A arrogância masculina ou sobre como sempre somos testadas

Fiz dois anos de estágio em um lugar onde a impressora ficava na sala ao lado. E na sala ao lado trabalhava certo senhor daqueles fãs de MPB. Nenhum problema até ai, também sou super fã. Até ele perceber que meu nome era Anna Luísa. A partir desse momento, cada vez que o encontrava eu tinha que escutar: “Você sabia que o Tom Jobim tem uma música que se chama Ana Luiza?” seguida de uma cantarolada. Sim, eu conheço a canção há pelo menos 10 anos, mas já não me importava em responder a cada intervenção feita no elevador. E essa não era a única.

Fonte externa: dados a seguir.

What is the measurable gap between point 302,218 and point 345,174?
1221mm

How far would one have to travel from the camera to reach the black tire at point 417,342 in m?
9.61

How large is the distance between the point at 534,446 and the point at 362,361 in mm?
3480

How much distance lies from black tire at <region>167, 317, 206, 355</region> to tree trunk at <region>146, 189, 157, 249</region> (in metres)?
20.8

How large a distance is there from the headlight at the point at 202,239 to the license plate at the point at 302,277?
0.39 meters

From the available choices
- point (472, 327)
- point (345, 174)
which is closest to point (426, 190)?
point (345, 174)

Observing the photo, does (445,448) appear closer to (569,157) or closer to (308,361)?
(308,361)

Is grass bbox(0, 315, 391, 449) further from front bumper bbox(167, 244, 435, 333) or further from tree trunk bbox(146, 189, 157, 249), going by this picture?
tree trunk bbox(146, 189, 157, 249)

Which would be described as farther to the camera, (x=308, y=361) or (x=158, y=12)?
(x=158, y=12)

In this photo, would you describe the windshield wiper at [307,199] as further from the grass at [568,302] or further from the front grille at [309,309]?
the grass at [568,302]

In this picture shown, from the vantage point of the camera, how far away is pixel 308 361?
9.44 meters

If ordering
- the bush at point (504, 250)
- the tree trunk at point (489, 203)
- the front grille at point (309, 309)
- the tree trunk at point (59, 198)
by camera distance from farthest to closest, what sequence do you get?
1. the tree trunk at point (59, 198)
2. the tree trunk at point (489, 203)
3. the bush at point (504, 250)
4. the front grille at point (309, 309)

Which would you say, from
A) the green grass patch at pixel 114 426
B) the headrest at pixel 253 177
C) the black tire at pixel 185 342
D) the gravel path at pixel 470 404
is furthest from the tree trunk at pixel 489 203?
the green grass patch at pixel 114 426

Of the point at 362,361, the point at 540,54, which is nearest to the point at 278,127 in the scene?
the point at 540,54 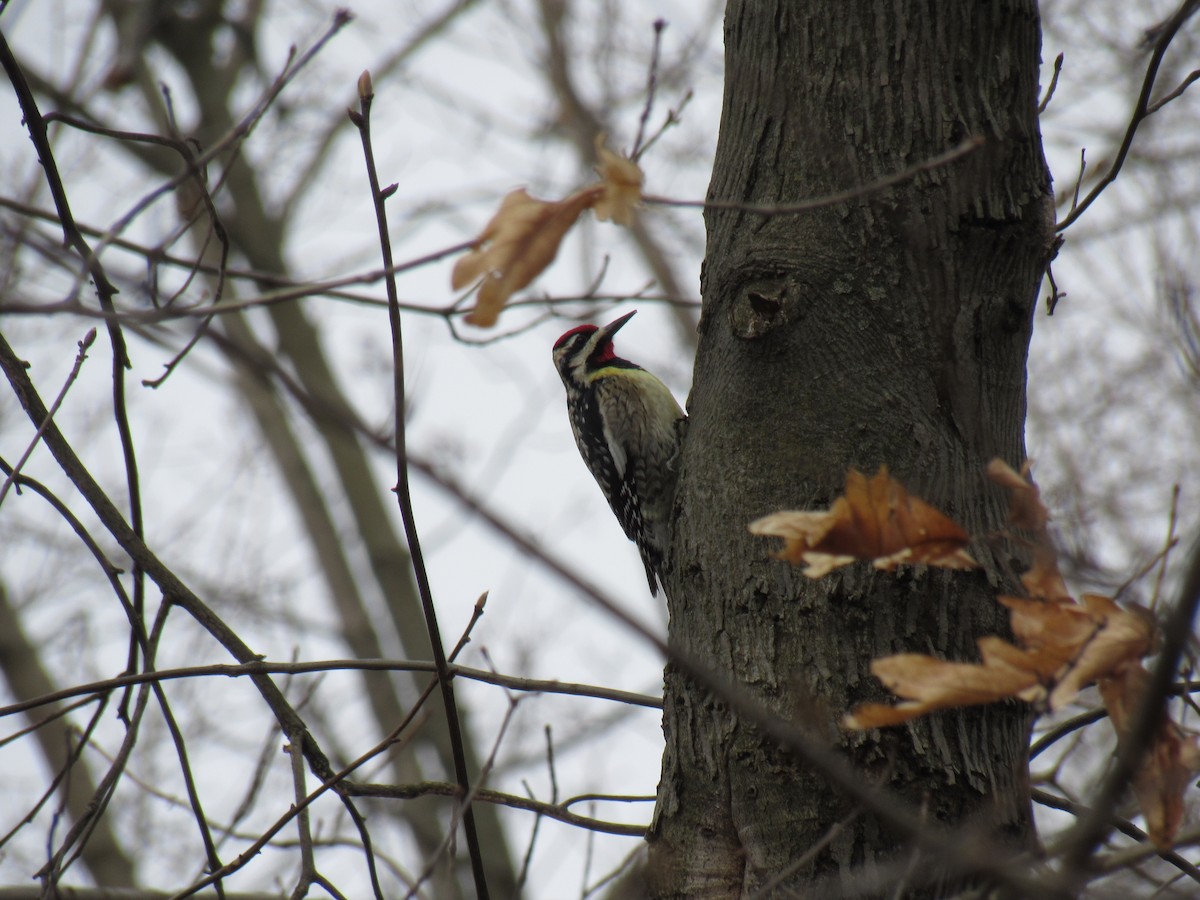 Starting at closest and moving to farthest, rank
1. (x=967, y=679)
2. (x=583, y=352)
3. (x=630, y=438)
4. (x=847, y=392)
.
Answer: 1. (x=967, y=679)
2. (x=847, y=392)
3. (x=630, y=438)
4. (x=583, y=352)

Passei a ter ojeriza. Evitava a sala e outros contatos a fim de diminuir o desconforto daquelas indagações. Passou um tempo, ele foi transferido para outra sala, veio um alívio. Mas como nunca estamos livres de testes — como naquelas matérias ridículas onde apenas mulheres são questionadas sobre qual o nome do vocalista de tal banda ou sua música preferida — nem podemos evitar uma pessoa que trabalha no mesmo lugar para sempre, estava indo embora e encontro o senhor cantarolando uma melodia qualquer.

Dei um aceno cortês e me encaminhei para a saída. E aí vem, claro, a pergunta: “Você sabe que música é essa?”. Ignorei e continuei tentando seguir diante de uma expressão muito satisfeita em poder disseminar seus conhecimentos não solicitados. “É Bárbara”. Eu também, que não consigo ficar para trás, não consegui passar despercebida neste momento. Logo emendei: “Eu sei. Bárbara, amante de Ana, de Calabar, do Chico. Eu li, eu conheço”. A satisfação transformou-se em um misto de surpresa e espanto, ficou mudo. E eu finalmente pude ir embora sentindo aquele prazer de quem não ficou calada dessa vez.

Betty Faria como Ana de Amsterdam na peça “Calabar: o Elogio da Traição” (1973)

Lembrei-me de outro episódio. Estava em um show de uma banda cover de rock. Dessas bem genéricas, mas famosinhas em BH. Meio do show já, vejo um cara interessante, começamos a conversar. Sem nem perguntar meu nome primeiro ou qualquer outra coisa logo vem: “De quem é essa música?”. Quebra de clima total. Lembrei de todas as vezes em que isso acontece. Me recusei a responder alegando que ele jamais chegaria pra conversar com outro homem dessa forma. E disso eu tenho certeza.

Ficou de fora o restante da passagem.